The sermon made me think of Robert Frost’s poignant lament that, “Nothing Gold Can Stay”:
Nature’s first green is gold,
Her hardest hue to hold.
Her early leaf’s a flower;
But only so an hour.
Then leaf subsides to leaf.
So Eden sank to grief,
So dawn goes down to day.
Nothing gold can stay.
When Lancelot first rides toward Camelot in the new rays of an early dawn, he has a condom stashed in the hip pocket of his plate armor. Though Frodo has destroyed the one ring, Aragorn already knows his line will eventually fade. But the streets of gold will stay, and the New Jerusalem smell will never diminish. Which brings up another idea. During the evening service, my pastor, with a courage which far exceeds anything I ever approached in my quarter-century of pastoral ministry, invites the audiience to do a cook-down on the morning’s message. I mentioned how taken I was with Grover’s emphasis on the new world which is coming, and lamented that the fascination of most Evangelicals seems to be with what happens to the old world as it is going, as witnessed by the popularity of the “Left Behind Series.” “Yeah,” interjected a college student sitting behind me. “We should have a ‘Sent Ahead’ series.”

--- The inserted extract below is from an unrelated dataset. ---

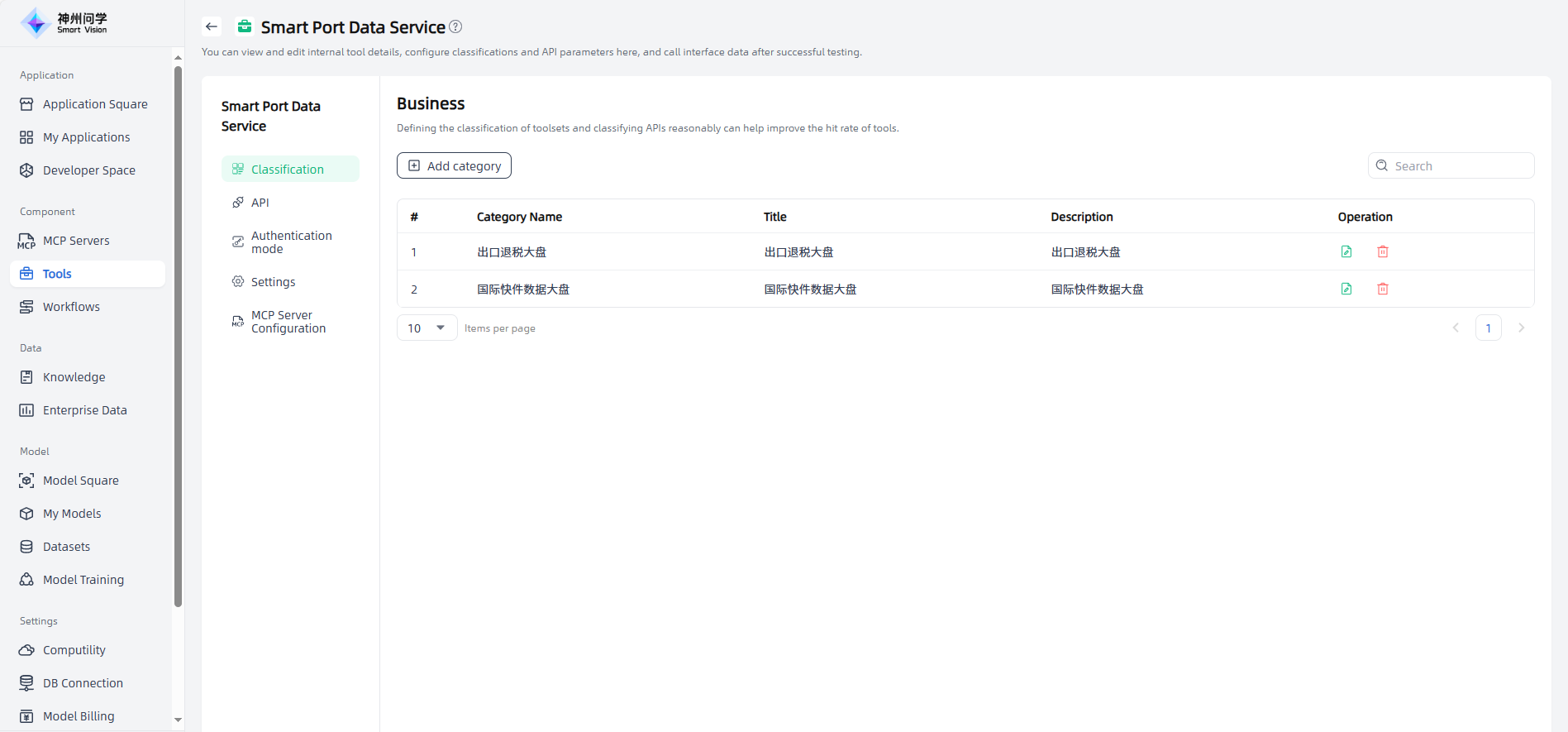 images_2025-10-17_11-49-44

Nah. I don’t think it would sell.
August 29, 2006 at 10:31 am
Doug,
Thank you for not including your comments under the previous blog, “What I hated about Sunday’s sermon”!
Grover
August 30, 2006 at 5:31 pm
I heard a pastor say a few years back that sermons are not copyright so they don’t need to be cite. So, I’m aware of the lenient citation habits among pastors, but that “college” student’s comment sounded profound enough to warrant a more accurate reference. For future reference, I suggest any of the following references as a sufficient citation for such ingenuity: Graduate Student, Seminary Student, Deeply Intuitive Student, Sharp Witted Student, Boy Wonder, Wise Young Man, Future Mensa Member, and lastly, King Solomon’s Little Brother.
Thanks for blog Doug, I enjoy the humor and it sentiment. I only hope I won’t be sniffing the hallways of my office hoping to get a whiff of the New Jerusalem scent.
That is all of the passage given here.